L'Azerbaijan, trasformato nel corso degli ultimi cinque anni dalla
ricchezza prodotta dai petrodollari del Caspio, guida una corsa agli
armamenti da 4 miliardi di dollari l'anno. La retorica bellica è
diventata parte integrante del volto pubblico del regime di Aliyev,
chiudendo la porta ad alternative non violente. Al momento nessuno sa
che cosa significhi la promessa del "più alto livello di autonomia nel
mondo" per il Karabakh armeno; l'unico punto di riferimento è la
Regione Autonoma di epoca sovietica, che ci porta indietro di 25 anni
alle cause del conflitto. Una strategia di soft power per la
trasformazione nonviolenta del conflitto era possibile, ma nel corso
dell'ultimo decennio l'Azerbaijan sembra aver optato per le maniere
forti.
Tensioni e minacce reciproche non sono nuove, ma il militarismo
crescente va giudicato alla luce di altri due fattori.
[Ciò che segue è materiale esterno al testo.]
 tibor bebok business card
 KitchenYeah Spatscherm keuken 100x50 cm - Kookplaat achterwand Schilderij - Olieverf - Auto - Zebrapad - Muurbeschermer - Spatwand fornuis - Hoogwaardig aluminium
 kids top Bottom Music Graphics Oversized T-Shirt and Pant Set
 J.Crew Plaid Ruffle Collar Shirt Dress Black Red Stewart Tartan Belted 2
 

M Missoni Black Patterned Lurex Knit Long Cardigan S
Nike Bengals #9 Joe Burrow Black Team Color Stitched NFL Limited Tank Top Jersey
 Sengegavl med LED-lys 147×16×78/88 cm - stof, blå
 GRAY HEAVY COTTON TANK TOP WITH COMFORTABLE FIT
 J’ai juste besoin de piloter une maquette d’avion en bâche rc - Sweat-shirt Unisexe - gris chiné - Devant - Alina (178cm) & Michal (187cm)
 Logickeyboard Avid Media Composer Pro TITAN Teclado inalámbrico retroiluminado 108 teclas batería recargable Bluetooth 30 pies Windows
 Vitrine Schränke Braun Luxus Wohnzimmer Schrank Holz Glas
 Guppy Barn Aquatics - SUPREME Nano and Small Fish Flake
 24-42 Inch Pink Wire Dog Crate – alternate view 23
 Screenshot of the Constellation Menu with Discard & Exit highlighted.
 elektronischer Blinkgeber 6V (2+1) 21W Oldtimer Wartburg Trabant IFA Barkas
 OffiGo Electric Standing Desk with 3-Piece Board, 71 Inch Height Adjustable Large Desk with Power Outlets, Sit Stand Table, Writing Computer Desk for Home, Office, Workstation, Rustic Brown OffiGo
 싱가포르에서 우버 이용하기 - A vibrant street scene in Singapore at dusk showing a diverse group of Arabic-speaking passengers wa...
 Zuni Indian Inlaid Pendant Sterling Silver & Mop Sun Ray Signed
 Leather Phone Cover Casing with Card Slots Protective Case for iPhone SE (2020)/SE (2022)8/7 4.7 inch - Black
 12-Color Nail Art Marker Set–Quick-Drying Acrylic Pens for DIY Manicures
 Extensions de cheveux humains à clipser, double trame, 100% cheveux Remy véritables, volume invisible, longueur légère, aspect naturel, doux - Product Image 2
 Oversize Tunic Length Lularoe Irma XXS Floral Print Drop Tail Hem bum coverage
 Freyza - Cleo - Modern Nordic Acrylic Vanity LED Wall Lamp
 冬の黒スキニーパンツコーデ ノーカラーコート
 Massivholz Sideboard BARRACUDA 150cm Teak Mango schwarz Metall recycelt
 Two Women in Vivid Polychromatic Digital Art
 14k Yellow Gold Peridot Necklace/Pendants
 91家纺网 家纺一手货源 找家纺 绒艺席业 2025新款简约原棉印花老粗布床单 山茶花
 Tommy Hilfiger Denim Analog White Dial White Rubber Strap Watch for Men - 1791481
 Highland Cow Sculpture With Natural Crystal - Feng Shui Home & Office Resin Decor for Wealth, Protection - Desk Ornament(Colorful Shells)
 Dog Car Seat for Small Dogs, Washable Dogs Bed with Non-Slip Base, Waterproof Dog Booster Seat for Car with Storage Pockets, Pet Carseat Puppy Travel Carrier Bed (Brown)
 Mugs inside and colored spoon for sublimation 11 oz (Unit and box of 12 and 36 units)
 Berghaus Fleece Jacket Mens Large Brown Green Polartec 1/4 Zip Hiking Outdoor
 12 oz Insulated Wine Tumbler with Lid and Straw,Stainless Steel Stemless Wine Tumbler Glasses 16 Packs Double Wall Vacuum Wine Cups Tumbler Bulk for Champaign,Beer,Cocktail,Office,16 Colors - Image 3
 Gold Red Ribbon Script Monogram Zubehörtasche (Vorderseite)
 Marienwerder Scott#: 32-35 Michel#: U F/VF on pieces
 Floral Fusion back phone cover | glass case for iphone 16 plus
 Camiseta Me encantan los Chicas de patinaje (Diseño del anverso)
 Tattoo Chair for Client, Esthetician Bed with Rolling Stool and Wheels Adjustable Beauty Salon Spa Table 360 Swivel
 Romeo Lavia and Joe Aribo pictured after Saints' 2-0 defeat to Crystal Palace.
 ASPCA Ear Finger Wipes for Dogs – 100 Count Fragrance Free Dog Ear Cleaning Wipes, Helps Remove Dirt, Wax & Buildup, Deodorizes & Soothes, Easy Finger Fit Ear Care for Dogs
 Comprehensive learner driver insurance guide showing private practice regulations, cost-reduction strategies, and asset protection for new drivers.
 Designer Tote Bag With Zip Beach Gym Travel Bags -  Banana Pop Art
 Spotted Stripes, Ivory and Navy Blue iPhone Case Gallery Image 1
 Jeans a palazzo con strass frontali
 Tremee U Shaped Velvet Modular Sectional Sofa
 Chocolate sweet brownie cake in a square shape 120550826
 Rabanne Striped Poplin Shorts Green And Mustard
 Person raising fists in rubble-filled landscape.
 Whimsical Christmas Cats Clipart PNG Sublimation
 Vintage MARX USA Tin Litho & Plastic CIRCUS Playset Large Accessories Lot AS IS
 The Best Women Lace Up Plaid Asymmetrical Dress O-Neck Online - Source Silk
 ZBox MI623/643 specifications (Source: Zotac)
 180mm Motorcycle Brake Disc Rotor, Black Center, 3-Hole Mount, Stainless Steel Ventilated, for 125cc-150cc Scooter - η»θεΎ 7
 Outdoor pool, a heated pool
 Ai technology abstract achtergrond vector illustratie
Il primo è
l'ampiezza del dispiegamento militare sul terreno: lungo una linea di
contatto di 160 miglia si fronteggiano circa 40.000 soldati, molti dei
quali matricole. Negli ultimi anni, le frequenti scaramucce hanno
causato un crescente numero di vittime. C'è un rischio concreto di
guerra accidentale, di un'escalation involontaria che sfugga di mano.
Non ci sono linee di comunicazione lungo tutto il fronte, e la
capacità internazionale di condurre indagini sugli incidenti è minima.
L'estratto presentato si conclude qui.